• [What to do]: Restate each entry word for word, leaving nothing out.

________________

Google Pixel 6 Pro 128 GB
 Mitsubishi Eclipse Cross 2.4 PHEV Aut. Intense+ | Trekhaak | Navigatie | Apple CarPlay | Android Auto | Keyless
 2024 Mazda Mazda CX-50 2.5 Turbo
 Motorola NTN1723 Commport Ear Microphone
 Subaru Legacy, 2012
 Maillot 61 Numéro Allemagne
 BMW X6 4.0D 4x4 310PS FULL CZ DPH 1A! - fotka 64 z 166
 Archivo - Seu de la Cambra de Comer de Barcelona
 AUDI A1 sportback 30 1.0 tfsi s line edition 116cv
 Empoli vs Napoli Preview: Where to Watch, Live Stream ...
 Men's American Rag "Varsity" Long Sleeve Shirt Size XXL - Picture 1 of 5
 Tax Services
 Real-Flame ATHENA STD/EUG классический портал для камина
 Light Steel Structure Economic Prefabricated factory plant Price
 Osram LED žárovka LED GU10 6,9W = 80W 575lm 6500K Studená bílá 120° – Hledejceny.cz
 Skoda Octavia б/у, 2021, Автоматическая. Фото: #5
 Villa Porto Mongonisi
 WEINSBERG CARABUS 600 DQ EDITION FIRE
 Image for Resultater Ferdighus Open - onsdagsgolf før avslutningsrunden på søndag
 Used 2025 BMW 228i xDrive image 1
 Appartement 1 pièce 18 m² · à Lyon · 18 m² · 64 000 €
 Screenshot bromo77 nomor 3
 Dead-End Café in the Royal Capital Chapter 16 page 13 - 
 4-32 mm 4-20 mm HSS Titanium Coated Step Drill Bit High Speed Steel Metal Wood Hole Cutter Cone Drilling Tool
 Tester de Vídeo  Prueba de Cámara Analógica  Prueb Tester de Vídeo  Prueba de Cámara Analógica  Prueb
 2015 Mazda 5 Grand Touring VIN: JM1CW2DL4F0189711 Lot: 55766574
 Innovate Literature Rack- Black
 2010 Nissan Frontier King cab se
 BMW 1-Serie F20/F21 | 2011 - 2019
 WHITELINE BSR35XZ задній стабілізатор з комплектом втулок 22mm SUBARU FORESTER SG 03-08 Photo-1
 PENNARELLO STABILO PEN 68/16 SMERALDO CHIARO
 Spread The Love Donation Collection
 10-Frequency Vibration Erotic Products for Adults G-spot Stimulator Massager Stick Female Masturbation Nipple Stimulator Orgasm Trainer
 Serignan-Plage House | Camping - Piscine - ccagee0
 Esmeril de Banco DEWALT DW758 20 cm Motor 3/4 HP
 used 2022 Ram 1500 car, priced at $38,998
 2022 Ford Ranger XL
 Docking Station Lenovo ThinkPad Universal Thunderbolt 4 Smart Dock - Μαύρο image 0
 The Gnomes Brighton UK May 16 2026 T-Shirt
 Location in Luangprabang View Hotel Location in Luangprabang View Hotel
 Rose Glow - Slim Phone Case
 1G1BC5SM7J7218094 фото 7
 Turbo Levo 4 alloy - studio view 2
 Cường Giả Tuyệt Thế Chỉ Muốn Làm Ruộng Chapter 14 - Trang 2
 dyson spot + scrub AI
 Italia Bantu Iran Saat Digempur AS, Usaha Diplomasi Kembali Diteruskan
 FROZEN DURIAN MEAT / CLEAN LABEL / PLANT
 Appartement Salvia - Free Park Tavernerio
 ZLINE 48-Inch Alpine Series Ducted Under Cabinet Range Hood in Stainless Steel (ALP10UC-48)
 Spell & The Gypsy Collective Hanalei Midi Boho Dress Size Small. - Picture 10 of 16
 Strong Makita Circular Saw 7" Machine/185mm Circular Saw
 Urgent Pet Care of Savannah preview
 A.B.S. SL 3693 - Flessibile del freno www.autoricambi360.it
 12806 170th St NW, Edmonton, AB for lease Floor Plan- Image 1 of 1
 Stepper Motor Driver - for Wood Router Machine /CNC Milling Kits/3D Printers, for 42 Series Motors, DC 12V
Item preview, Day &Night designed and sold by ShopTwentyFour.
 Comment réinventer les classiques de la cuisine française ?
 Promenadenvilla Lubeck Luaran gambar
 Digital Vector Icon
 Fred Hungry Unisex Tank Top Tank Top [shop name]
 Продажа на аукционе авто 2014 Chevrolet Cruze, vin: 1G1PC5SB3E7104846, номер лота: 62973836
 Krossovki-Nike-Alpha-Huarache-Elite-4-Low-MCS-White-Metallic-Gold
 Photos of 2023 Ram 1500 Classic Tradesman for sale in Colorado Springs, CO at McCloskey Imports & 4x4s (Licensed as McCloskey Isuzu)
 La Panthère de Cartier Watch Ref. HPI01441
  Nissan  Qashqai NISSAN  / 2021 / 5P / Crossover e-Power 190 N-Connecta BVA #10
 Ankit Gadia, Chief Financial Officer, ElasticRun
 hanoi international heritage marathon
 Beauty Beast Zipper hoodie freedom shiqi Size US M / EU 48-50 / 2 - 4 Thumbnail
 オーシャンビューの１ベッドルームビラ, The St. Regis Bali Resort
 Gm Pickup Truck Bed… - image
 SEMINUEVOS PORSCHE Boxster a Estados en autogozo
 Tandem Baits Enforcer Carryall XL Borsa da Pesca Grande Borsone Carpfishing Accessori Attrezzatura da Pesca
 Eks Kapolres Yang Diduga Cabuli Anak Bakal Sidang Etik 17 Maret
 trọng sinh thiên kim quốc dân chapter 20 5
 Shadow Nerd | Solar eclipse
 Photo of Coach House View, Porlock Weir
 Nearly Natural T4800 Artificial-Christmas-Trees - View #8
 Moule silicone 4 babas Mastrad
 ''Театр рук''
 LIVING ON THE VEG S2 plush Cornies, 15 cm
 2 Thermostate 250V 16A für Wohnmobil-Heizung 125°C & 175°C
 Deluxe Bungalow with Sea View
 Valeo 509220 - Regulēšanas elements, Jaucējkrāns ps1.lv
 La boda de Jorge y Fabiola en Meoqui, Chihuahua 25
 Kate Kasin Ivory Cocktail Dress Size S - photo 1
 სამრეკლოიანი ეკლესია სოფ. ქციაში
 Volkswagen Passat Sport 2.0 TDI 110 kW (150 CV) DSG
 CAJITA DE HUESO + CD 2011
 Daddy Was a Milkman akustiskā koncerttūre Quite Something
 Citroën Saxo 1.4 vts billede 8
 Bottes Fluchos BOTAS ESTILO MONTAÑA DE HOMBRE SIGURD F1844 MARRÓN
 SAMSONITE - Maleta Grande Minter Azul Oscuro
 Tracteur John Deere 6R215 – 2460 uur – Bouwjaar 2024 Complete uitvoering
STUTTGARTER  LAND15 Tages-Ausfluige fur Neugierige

________________

• [Response area]:
Google Pixel 6 Pro 128 GB
 Mitsubishi Eclipse Cross 2.4 PHEV Aut. Intense+ | Trekhaak | Navigatie | Apple CarPlay | Android Auto | Keyless
 2024 Mazda Mazda CX-50 2.5 Turbo
 Motorola NTN1723 Commport Ear Microphone
 Subaru Legacy, 2012
 Maillot 61 Numéro Allemagne
 BMW X6 4.0D 4x4 310PS FULL CZ DPH 1A! - fotka 64 z 166
 Archivo - Seu de la Cambra de Comer de Barcelona
 AUDI A1 sportback 30 1.0 tfsi s line edition 116cv
 Empoli vs Napoli Preview: Where to Watch, Live Stream ...
 Men's American Rag "Varsity" Long Sleeve Shirt Size XXL - Picture 1 of 5
 Tax Services
 Real-Flame ATHENA STD/EUG классический портал для камина
 Light Steel Structure Economic Prefabricated factory plant Price
 Osram LED žárovka LED GU10 6,9W = 80W 575lm 6500K Studená bílá 120° – Hledejceny.cz
 Skoda Octavia б/у, 2021, Автоматическая. Фото: #5
 Villa Porto Mongonisi
 WEINSBERG CARABUS 600 DQ EDITION FIRE
 Image for Resultater Ferdighus Open - onsdagsgolf før avslutningsrunden på søndag
 Used 2025 BMW 228i xDrive image 1
 Appartement 1 pièce 18 m² · à Lyon · 18 m² · 64 000 €
 Screenshot bromo77 nomor 3
 Dead-End Café in the Royal Capital Chapter 16 page 13 - 
 4-32 mm 4-20 mm HSS Titanium Coated Step Drill Bit High Speed Steel Metal Wood Hole Cutter Cone Drilling Tool
 Tester de Vídeo  Prueba de Cámara Analógica  Prueb Tester de Vídeo  Prueba de Cámara Analógica  Prueb
 2015 Mazda 5 Grand Touring VIN: JM1CW2DL4F0189711 Lot: 55766574
 Innovate Literature Rack- Black
 2010 Nissan Frontier King cab se
 BMW 1-Serie F20/F21 | 2011 - 2019
 WHITELINE BSR35XZ задній стабілізатор з комплектом втулок 22mm SUBARU FORESTER SG 03-08 Photo-1
 PENNARELLO STABILO PEN 68/16 SMERALDO CHIARO
 Spread The Love Donation Collection
 10-Frequency Vibration Erotic Products for Adults G-spot Stimulator Massager Stick Female Masturbation Nipple Stimulator Orgasm Trainer
 Serignan-Plage House | Camping - Piscine - ccagee0
 Esmeril de Banco DEWALT DW758 20 cm Motor 3/4 HP
 used 2022 Ram 1500 car, priced at $38,998
 2022 Ford Ranger XL
 Docking Station Lenovo ThinkPad Universal Thunderbolt 4 Smart Dock - Μαύρο image 0
 The Gnomes Brighton UK May 16 2026 T-Shirt
 Location in Luangprabang View Hotel Location in Luangprabang View Hotel
 Rose Glow - Slim Phone Case
 1G1BC5SM7J7218094 фото 7
 Turbo Levo 4 alloy - studio view 2
 Cường Giả Tuyệt Thế Chỉ Muốn Làm Ruộng Chapter 14 - Trang 2
 dyson spot + scrub AI
 Italia Bantu Iran Saat Digempur AS, Usaha Diplomasi Kembali Diteruskan
 FROZEN DURIAN MEAT / CLEAN LABEL / PLANT
 Appartement Salvia - Free Park Tavernerio
 ZLINE 48-Inch Alpine Series Ducted Under Cabinet Range Hood in Stainless Steel (ALP10UC-48)
 Spell & The Gypsy Collective Hanalei Midi Boho Dress Size Small. - Picture 10 of 16
 Strong Makita Circular Saw 7" Machine/185mm Circular Saw
 Urgent Pet Care of Savannah preview
 A.B.S. SL 3693 - Flessibile del freno www.autoricambi360.it
 12806 170th St NW, Edmonton, AB for lease Floor Plan- Image 1 of 1
 Stepper Motor Driver - for Wood Router Machine /CNC Milling Kits/3D Printers, for 42 Series Motors, DC 12V
Item preview, Day &Night designed and sold by ShopTwentyFour.
 Comment réinventer les classiques de la cuisine française ?
 Promenadenvilla Lubeck Luaran gambar
 Digital Vector Icon
 Fred Hungry Unisex Tank Top Tank Top [shop name]
 Продажа на аукционе авто 2014 Chevrolet Cruze, vin: 1G1PC5SB3E7104846, номер лота: 62973836
 Krossovki-Nike-Alpha-Huarache-Elite-4-Low-MCS-White-Metallic-Gold
 Photos of 2023 Ram 1500 Classic Tradesman for sale in Colorado Springs, CO at McCloskey Imports & 4x4s (Licensed as McCloskey Isuzu)
 La Panthère de Cartier Watch Ref. HPI01441
  Nissan  Qashqai NISSAN  / 2021 / 5P / Crossover e-Power 190 N-Connecta BVA #10
 Ankit Gadia, Chief Financial Officer, ElasticRun
 hanoi international heritage marathon
 Beauty Beast Zipper hoodie freedom shiqi Size US M / EU 48-50 / 2 - 4 Thumbnail
 オーシャンビューの１ベッドルームビラ, The St. Regis Bali Resort
 Gm Pickup Truck Bed… - image
 SEMINUEVOS PORSCHE Boxster a Estados en autogozo
 Tandem Baits Enforcer Carryall XL Borsa da Pesca Grande Borsone Carpfishing Accessori Attrezzatura da Pesca
 Eks Kapolres Yang Diduga Cabuli Anak Bakal Sidang Etik 17 Maret
 trọng sinh thiên kim quốc dân chapter 20 5
 Shadow Nerd | Solar eclipse
 Photo of Coach House View, Porlock Weir
 Nearly Natural T4800 Artificial-Christmas-Trees - View #8
 Moule silicone 4 babas Mastrad
 ''Театр рук''
 LIVING ON THE VEG S2 plush Cornies, 15 cm
 2 Thermostate 250V 16A für Wohnmobil-Heizung 125°C & 175°C
 Deluxe Bungalow with Sea View
 Valeo 509220 - Regulēšanas elements, Jaucējkrāns ps1.lv
 La boda de Jorge y Fabiola en Meoqui, Chihuahua 25
 Kate Kasin Ivory Cocktail Dress Size S - photo 1
 სამრეკლოიანი ეკლესია სოფ. ქციაში
 Volkswagen Passat Sport 2.0 TDI 110 kW (150 CV) DSG
 CAJITA DE HUESO + CD 2011
 Daddy Was a Milkman akustiskā koncerttūre Quite Something
 Citroën Saxo 1.4 vts billede 8
 Bottes Fluchos BOTAS ESTILO MONTAÑA DE HOMBRE SIGURD F1844 MARRÓN
 SAMSONITE - Maleta Grande Minter Azul Oscuro
 Tracteur John Deere 6R215 – 2460 uur – Bouwjaar 2024 Complete uitvoering
STUTTGARTER  LAND15 Tages-Ausfluige fur Neugierige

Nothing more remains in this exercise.